# Molar Specific Heat Homework: Calculating Change in Internal Energy

• Indy2424
In summary, 25.2 J of heat was added to an ideal gas at a constant pressure of 1.0 atm, causing its volume to change from 46.0 to 101.2 cm3. The internal energy of the gas changed by 19.6 J. The molar specific heat at constant pressure is the next question, which the student is struggling with and believes there may be a missing piece of information in the problem. They have attempted the problem multiple times but are unsure if their conversions and setup are correct. They are seeking help to solve the question.
Indy2424

## Homework Statement

Let 25.2 J of heat be added to a particular ideal gas. As a result, its volume changes from 46.0 to 101.2 cm3 while the pressure remains constant at 1.0 atm. By how much did the internal energy of the gas change?
19.6 J is the answer which i understand how to get the next question is

What is the molar specific heat at constant pressure?
I have tried so many different ways. I don't know if I am doing conversions wrong or not setting it up right. I am pretty sure all my conversions are right.

## 1. What is molar specific heat?

Molar specific heat is the amount of energy required to raise the temperature of one mole of a substance by one degree Celsius. It is measured in joules per mole Kelvin (J/molK).

## 2. How is molar specific heat different from specific heat?

Molar specific heat is the specific heat of a substance per mole, while specific heat is the specific heat of a substance per gram. Molar specific heat takes into account the molecular weight of a substance, whereas specific heat is independent of the amount of substance.

## 3. How do you calculate change in internal energy using molar specific heat?

The formula for calculating change in internal energy (ΔU) using molar specific heat is: ΔU = n x CΔT, where n is the number of moles, C is the molar specific heat, and ΔT is the change in temperature. This formula assumes constant pressure (i.e. no work is being done) and no phase changes.

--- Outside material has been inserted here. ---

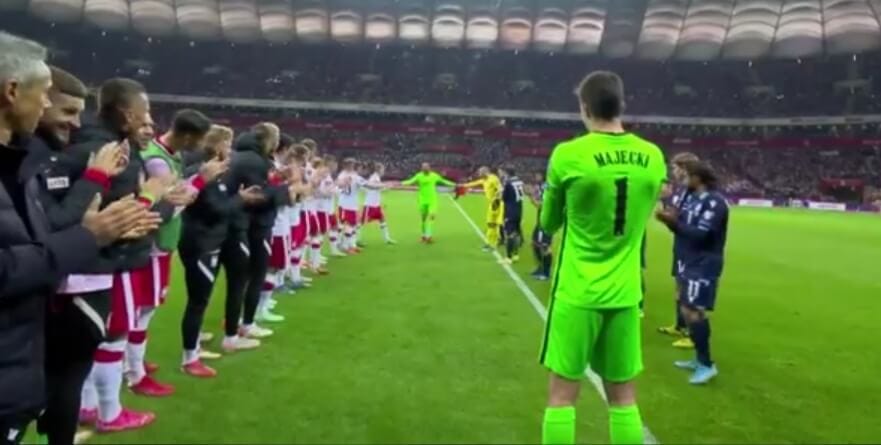 Ostatni mecz Łukasza Fabiańskiego w reprezentacji Polski! Koledzy utworzyli szpaler [WIDEO] Obraz wpisu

## 4. What are the units for molar specific heat?

The units for molar specific heat are joules per mole Kelvin (J/molK). Sometimes, the units are given as calories per mole Kelvin (cal/molK), but these can easily be converted using the conversion factor 1 cal = 4.184 J.

## 5. How is molar specific heat determined experimentally?

Molar specific heat can be determined experimentally by measuring the amount of energy required to raise the temperature of a known mass of a substance by a known amount, and then using the formula C = q/(nΔT) to calculate the molar specific heat. Alternatively, it can also be measured using calorimetry, where the heat absorbed or released during a chemical reaction is measured and used to calculate the molar specific heat of the reacting substances.